Money Supply Creation

Cameron, Norman E. "Simulation Money Supply Creation in Class." Economic Inquiry.35 (July 1997) 686-693.

Students play the roles of bankers, loan customers, and business firms to learn and experience the process of creating money. There are two versions—one is unstructured and the other structured, which also explores marginal efficiency of investment curve and broad versus narrow money. The bare bones of both simulations are as follows. The instructor hands out and explains the simulation rules. The classroom is divided into three zones (bankers, loan customers, and business firms). The instructor as central banker begins the game, injecting extra cash reserves into the system by buying Treasury bills from banker students.
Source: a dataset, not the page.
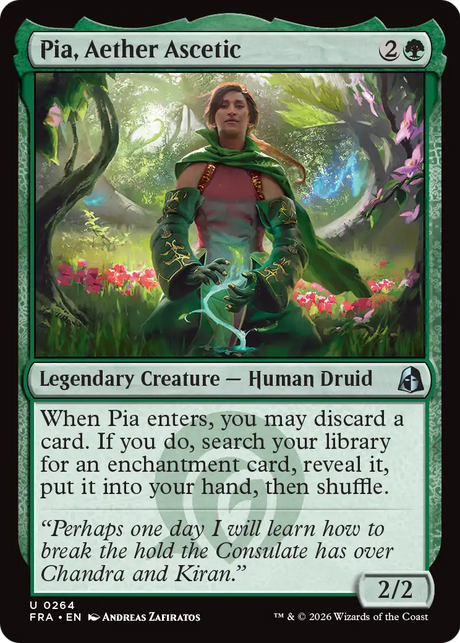 Magic: The Gathering - Pia, Aether Ascetic - Reality Fracture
The bankers who sell t-bills go to the loan customer zone to find a borrower and lends the entire bag of cash to one borrower for an IOU. The banker adds the amount of the new loan to the loan category on the blackboard consolidated balance sheet of the banking system. The loan customer goes to business zone and buys what loan was for, paying with entire bag. The business receives as extra sales revenue and takes out cash reserve items (pebbles) for ready cash, and then negotiates terms for depositing money in a term or demand deposit. The transaction is noted on the balance sheet. The banker takes out pebbles for required reserves (specified in rules), and the extra required reserves are added in cash reserves category on balance sheet. The pebbles in the bag are excess reserves, so the banker finds a borrower. The simulation continues until all of the pebbles are gone from the bag. Discussion ensues. Specific rules of simulation are in article.